E’ scoppiato il caso “collegato lavoro”, dopo che il Presidente della Repubblica si è rifiutato di promulgare la legge (approvata in quarta lettura dal Senato) e ha rinviato il provvedimento alle Camere per un riesame.
Le osservazioni del Quirinale si sono concentrate in particolare sull’articolo 31 recante norme in materia di conciliazione e di arbitrato. La norma prevedeva questo: che le parti contrattuali possono pattuire clausole compromissorie che rinviino alle modalità di esecuzione dell’arbitrato purchè ciò sia previsto dalla contrattazione collettiva o sia certificato, a pena di nullità, da una commissione di certificazione dei contratti di lavoro chiamata ad accertare la effettiva volontà delle parti di devolvere ad arbitri le controversie che dovessero eventualmente insorgere tra di loro.

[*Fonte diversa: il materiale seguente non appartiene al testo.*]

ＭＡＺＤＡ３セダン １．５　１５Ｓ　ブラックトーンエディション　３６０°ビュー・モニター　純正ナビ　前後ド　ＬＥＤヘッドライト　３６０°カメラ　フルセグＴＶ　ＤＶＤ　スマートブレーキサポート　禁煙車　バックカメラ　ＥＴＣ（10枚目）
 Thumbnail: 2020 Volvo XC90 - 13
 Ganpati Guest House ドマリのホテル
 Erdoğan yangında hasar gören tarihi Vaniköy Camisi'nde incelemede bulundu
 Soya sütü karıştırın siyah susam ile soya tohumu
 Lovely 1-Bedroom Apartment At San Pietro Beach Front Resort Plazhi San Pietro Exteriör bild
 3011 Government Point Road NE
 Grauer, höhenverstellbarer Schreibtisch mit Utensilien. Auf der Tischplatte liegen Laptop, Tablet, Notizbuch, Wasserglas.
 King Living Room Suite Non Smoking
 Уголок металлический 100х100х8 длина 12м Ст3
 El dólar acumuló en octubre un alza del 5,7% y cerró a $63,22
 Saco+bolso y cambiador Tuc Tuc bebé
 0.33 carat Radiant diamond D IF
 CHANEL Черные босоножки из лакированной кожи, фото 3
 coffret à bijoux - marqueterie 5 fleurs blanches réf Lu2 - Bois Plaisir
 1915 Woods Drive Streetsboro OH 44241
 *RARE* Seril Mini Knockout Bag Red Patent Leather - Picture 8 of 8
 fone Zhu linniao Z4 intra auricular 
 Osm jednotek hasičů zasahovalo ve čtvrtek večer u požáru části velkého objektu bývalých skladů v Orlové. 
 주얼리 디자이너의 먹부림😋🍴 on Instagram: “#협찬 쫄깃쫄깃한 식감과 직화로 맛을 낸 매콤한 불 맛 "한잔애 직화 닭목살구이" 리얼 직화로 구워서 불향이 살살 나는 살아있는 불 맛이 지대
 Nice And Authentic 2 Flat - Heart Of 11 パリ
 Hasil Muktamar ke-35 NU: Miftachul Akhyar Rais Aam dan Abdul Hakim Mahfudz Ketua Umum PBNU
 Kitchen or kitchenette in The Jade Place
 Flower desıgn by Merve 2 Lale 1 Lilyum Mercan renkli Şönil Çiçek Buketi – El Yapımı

A dire dei “pifferai” vicini alla Cgil, la norma avrebbe aggirato l’articolo 18 dello Statuto dei lavoratori. Tutto ciò, nonostante che il ministro Sacconi avesse voluto fugare ogni possibile dubbio promovendo un avviso comune, sottoscritto da tutte le parti sociali (Cgil, al solito, autoesclusa) con il quale le stesse si erano impegnate a stipulare, in materia, un accordo interconfederale che non includesse il licenziamento tra le questioni da devolvere all’arbitrato.
Dopo la presa di posizione del Quirinale la norma dovrà essere ampiamente rivisitata. Di questi aspetti si è lungamente parlato negli ultimi giorni.
E’ forse più utile andare alla riscoperta dei motivi ispiratori del provvedimento. Basta andare a rileggere quanto era scritto in tema di giustizia del lavoro nel Libro bianco sul mercato del lavoro dell’ottobre 2001, della cui stesura fu responsabile Marco Biagi.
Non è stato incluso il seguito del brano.